▶ ACTION ITEM
Copy exactly, no pictures: every line from the one that contains "Concepts of global" through the end of the entries below.
*****
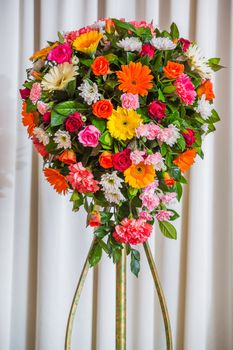 Flower bouquet isolated on white curtain in party room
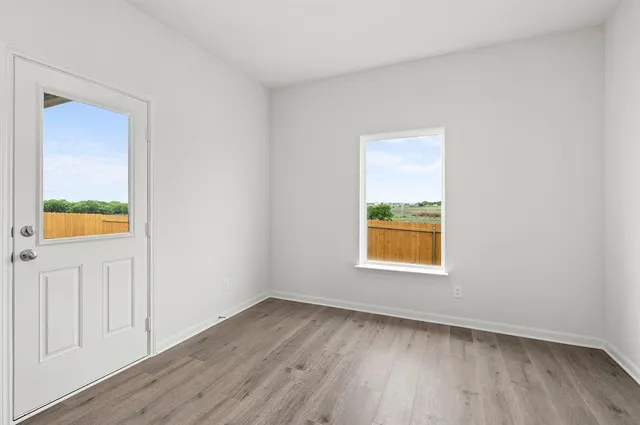 an empty room with window and wooden floor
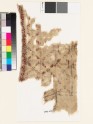 Textile fragment with grid of squares, rosettes, and leaves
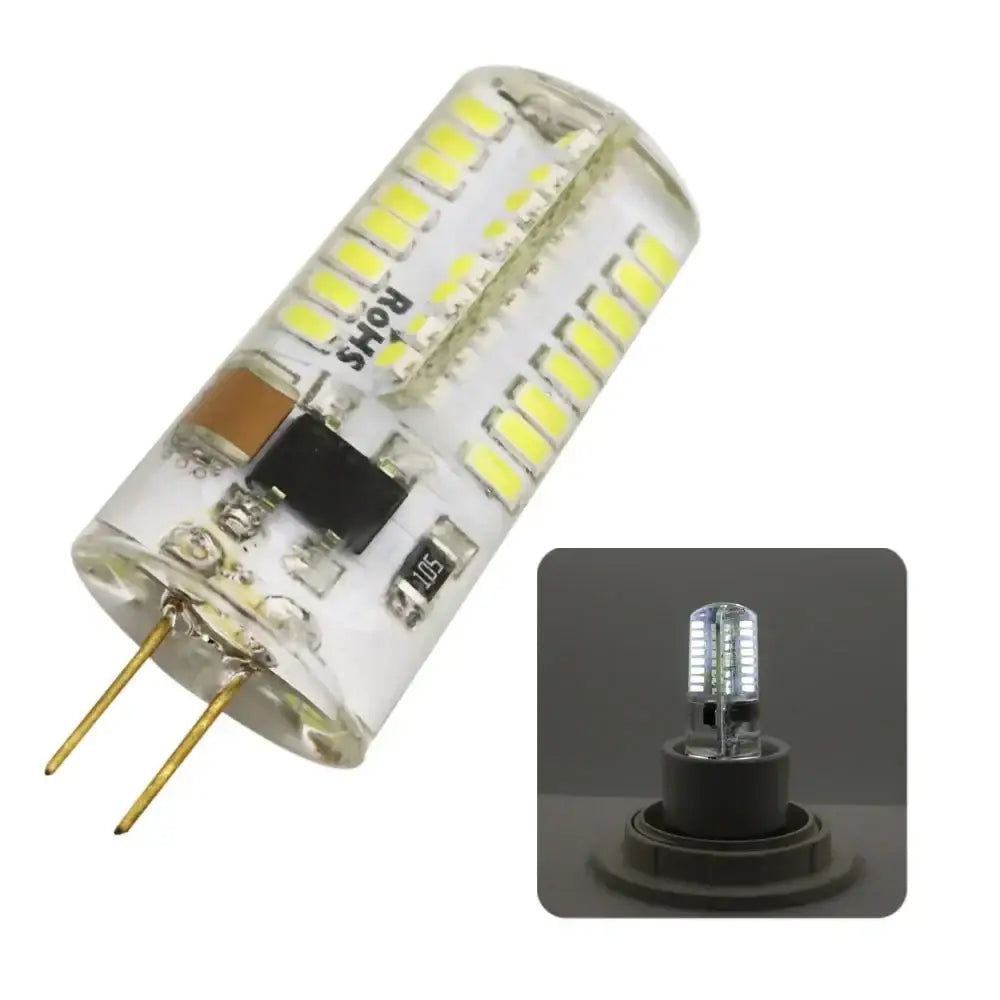 Clear glass led chandelier bulb with multiple yellowish leds and gold-colored pins for dining room spotlight use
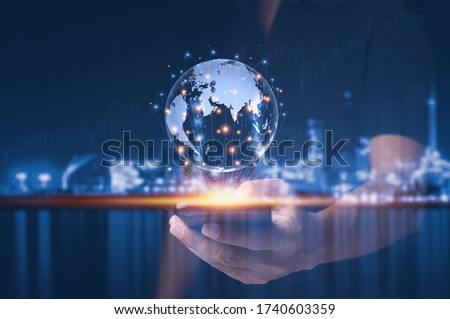 Concepts of global business connections. Asian businessman using smartphones connect and contact group of business partner around the world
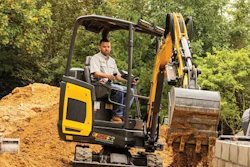 Operator using yellow and black compact excavator for earthmoving on construction site surrounded by trees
*****
▶ SOLUTION FOR THIS TASK
 Concepts of global business connections. Asian businessman using smartphones connect and contact group of business partner around the world
 Operator using yellow and black compact excavator for earthmoving on construction site surrounded by trees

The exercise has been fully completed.